Abstract
Background
The Observatory Evidence Service (OES) at Public Health Wales supports evidence informed decision making by conducting evidence reviews, which follow systematic review methodology, on complex public health topics. Machine-learning technologies have the potential to aid in screening studies for inclusion in reviews, and the OES have undertaken testing of one such system, RobotAnalyst, to assess its accuracy and to determine if it would increase the efficiency of the review process.
Methods
Retrospective testing was undertaken using three previously completed evidence reviews. For each test, references were uploaded into RobotAnalyst and the decisions made by the original reviewers were input in blocks of 25 to form a training set. The “update predictions” function generated a predicted inclusion decision for the remaining references at each test point and these were compared to the original review decisions.

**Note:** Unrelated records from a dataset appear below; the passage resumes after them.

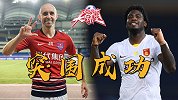 中国足球大有希望-重庆华夏突围成功 “黑马”姿态尽显未来可期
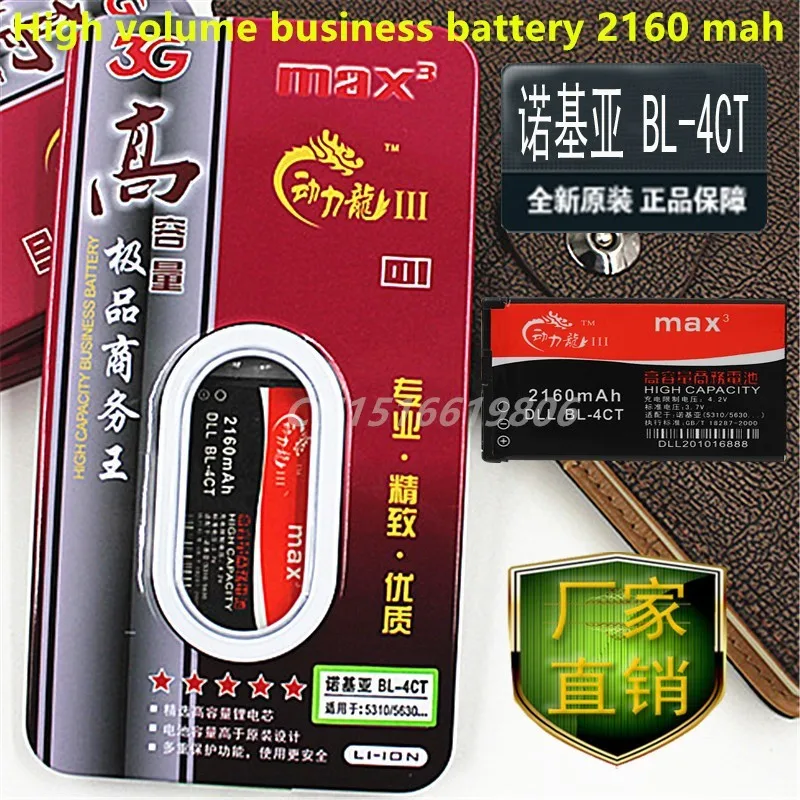 Новый аккумулятор DLL для Nokia 2160 5310 мАч 5630XM 7212C 7210C 6600F | Мобильные телефоны и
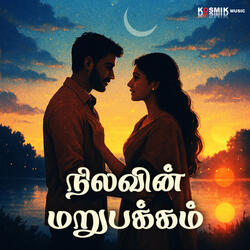 Kanavukkul Kannum Kannum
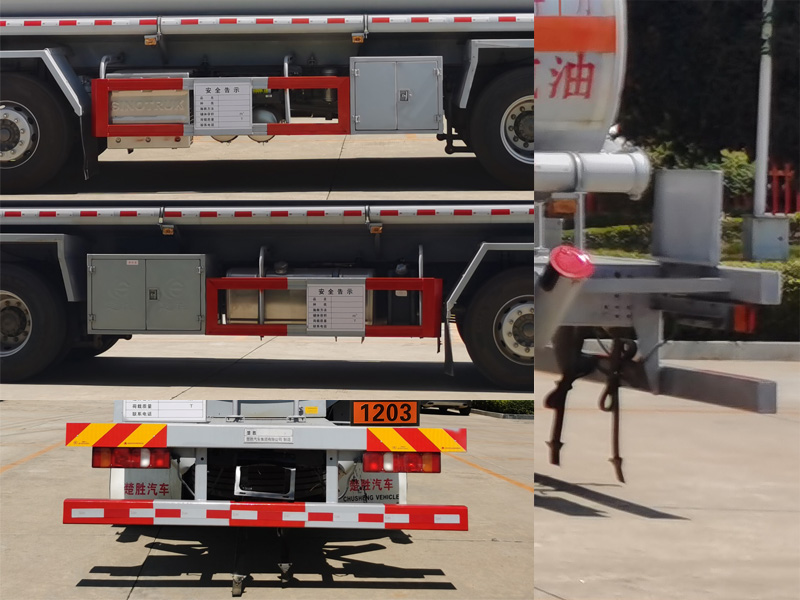 楚勝牌CSC5326GYYZK6運(yùn)油車公告圖片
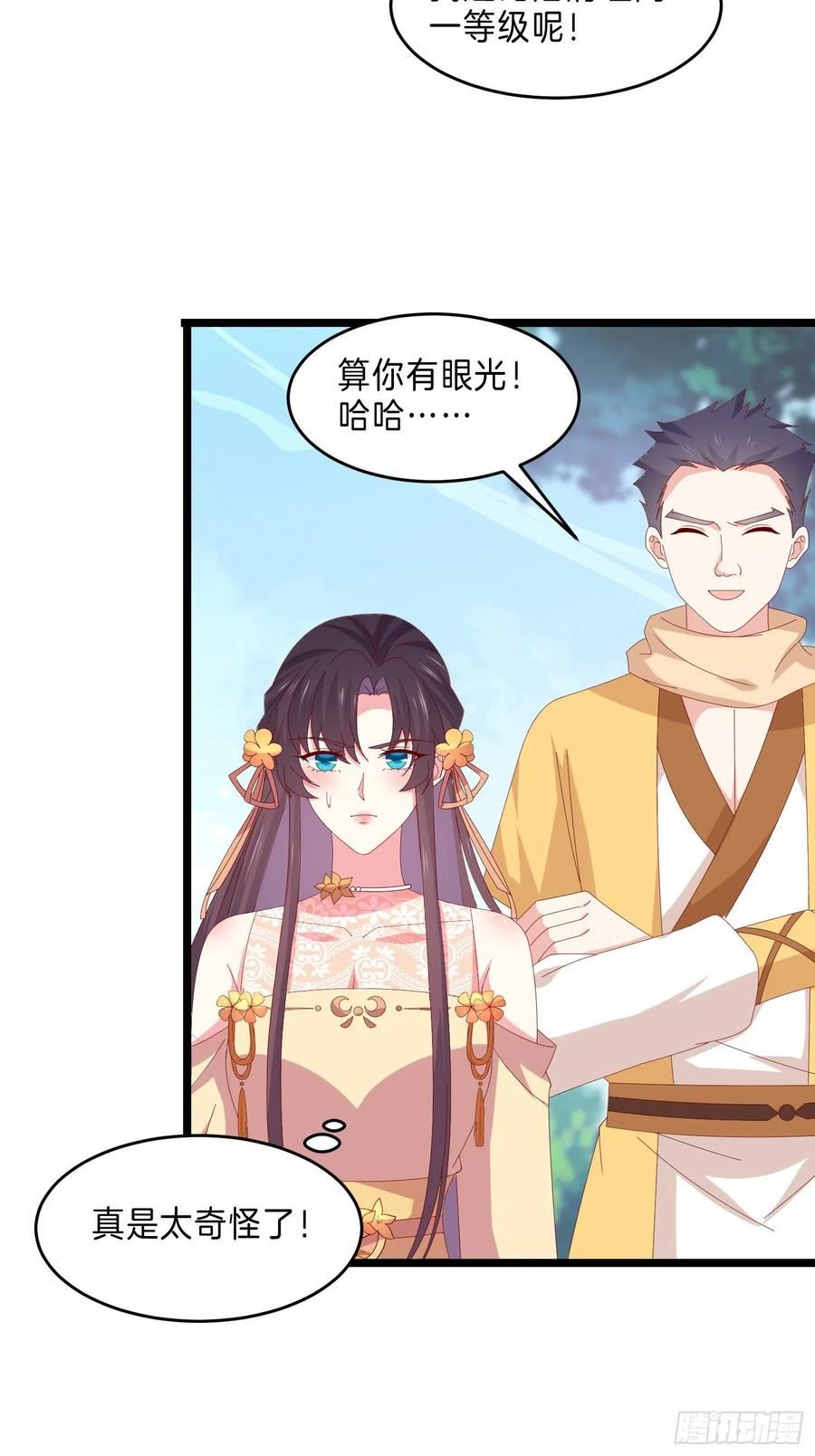 至尊瞳术师：绝世大小姐漫画,第二百九十三话 喜欢什么样的人14图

We calculated RobotAnalysts sensitivity, specificity, positive predictive value, false include and exclude rate and the proportion of missed references.
Results
Mixed levels of performance were observed. An overall increase in sensitivity as more studies were added to the training set was detected for two of the three reference sets when screened at title stage, but only in one case did RobotAnalyst produce relatively high levels of sensitivity (over 90%). This was observed in reference test set one (n = 500 references), where sensitivity increased from 51% at the start of testing to 91% after 250 references had been manually marked on the system. Although performance tended to be higher as more studies were added to the training sets, the increases were not always linear.
Conclusions
There may be some promise in using RobotAnalyst as a second screener, especially on larger reference sets when the human resource demands of duplicate screening are considerable. We are continuing to test RobotAnalyst both retrospectively and prospectively.
Key messages
Retrospective testing of RobotAnalyst observed mixed levels of performance. RobotAnalyst could potentially be utilised as a second screener for evidence review.